An end user of bitUSD shouldn't have any contact with a market and placing a buy order in an order book, they should just be able to deposit ARS and have a market order created for them, offering them an exchange rate and asking them if they want to proceed with it. Then their bitUSD would be sent to their wallet they downloaded from a local language bitUSD portal.
How this can be done is complicated requires an entire exchange to be customized for bitUSD end users.
1. Exchange runs a ARS/bitUSD market.
2. User discovers bitUSD portal and downloads lightweight wallet 'you've got a wallet, now you need to fill it up!'
3. User is directed to sign up the exchange, without feeling they are going to a whole new site (same graphics style)
4. User deposits ARS into the exchange and are offered an exchange rate (market order). Subsidised Market makers needed!
5. User is directed to withdraw the funds to their wallet to earn yield.
I'm just thinking about the end user experience of bitUSD. Users buying it or not depends entirely on exchanges. Getting wallet downloads is easy, getting bitUSD purchased by end users is much harder. Do we want Bitshares to be dependant on exchanges run by other businesses?
I'm not actually sure if thats the best way to do it. Maybe having exchanges run an ARS/BTS market is better, then the BTS could be used to buy bitUSD from the decentralised exchange to strengthen the peg there. I'm not sure which way round is best. ARS/BTS on central exchange or ARS/bitUSD? Both would need market makers subsidised by dilution.
What I think I can conclude from all this is that a localbitcoins style website for bitUSD or mycellium app for bitUSD to facilitate cash trade will be very useful as that skips the whole hassle of integrating with an exchange. Thousands of 'illiquid' 1 person markets would form a consensus market price... maybe? That could still be a bit of a muddle without having at least 1 central exchange to take a price from.
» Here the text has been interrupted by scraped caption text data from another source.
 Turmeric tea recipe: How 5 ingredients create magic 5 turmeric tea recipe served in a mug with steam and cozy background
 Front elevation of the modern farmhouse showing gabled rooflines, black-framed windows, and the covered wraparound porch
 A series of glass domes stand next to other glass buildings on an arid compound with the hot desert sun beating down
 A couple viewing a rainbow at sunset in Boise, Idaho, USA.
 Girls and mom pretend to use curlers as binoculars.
Basically bitshares needs to tightly partner with an Argentinian exchange to create a seemless user experience.
Incentives for the exchange:
- bitUSD portal owned and marketed by Bitshares directs users to the exchange. Exchange earn from trading fees bitshares marketing work specifically generated. Marketing the portal is marketing the exchange.
- Market maker incentives offered by bitshares encourage yet more trade at the exchange.
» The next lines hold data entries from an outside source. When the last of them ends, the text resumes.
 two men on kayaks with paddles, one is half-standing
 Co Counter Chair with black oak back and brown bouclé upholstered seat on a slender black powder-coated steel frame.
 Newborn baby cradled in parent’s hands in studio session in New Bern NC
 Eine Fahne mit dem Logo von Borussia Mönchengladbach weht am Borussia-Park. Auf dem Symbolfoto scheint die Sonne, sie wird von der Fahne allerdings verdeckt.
- If that's not enough, the exchange could get affiliate rewards of some kind!
This could definitely be enough incentive for an exchange to provide a basic implementation if well pitched. But at some point a seamless integration would be needed for mainstream users and this would be a major time investment from Bitshares funded devs who would need to work closely with the exchange.
It would be great if Bitshares could run its own local exchanges by either buying out existing local exchanges or funding a startup exchange. Take coinmelon.com for example, a startup bitcoin exchange in Argentina. Perfect exchange to partner with. Is it better to offer the owners a small handful of BTS to ensure motivations are aligned? What else can be offered to them, dev help with integration? How much? When? Now is the time to make contact.
Bitshares can't fund a delegate to startup his own local exchange (or buy out existing exchanges when we have higher market cap) because the bank accounts would get shut down straight away due to no regulatory clarity on Bitshares making it a 'high risk' business for bank. Even if it was defined as a bitcoin exchange, who would it be owned by? Bitshares, which wont be allowed.
A centralised Bitshares, bitUSD or general bitasset exchange with a bank account cannot exist. Unless there are some protected locations?
But bitcoin exchanges are (beginning to be) allowed to exist, so a bitcoin exchange which also did Bitshares exchange stuff too, that could be allowed and it could be owned or partially owned by Bitshares, giving us the control of the on-ramps we need.
But not without a legal definition of Bitshares, which makes me bring up luckybits proposal of forming a Bitshares co-operative to allow for this kind of thing to be possible.
Any thoughts on any of these issues? Especially, what exactly can be offered to exchanges as incentive to form partnerships? I can offer marketing of bitUSD portal that directs users to their exchange, what about market maker subsidies, should that happen? + dev help to get a basic integration is available I assume?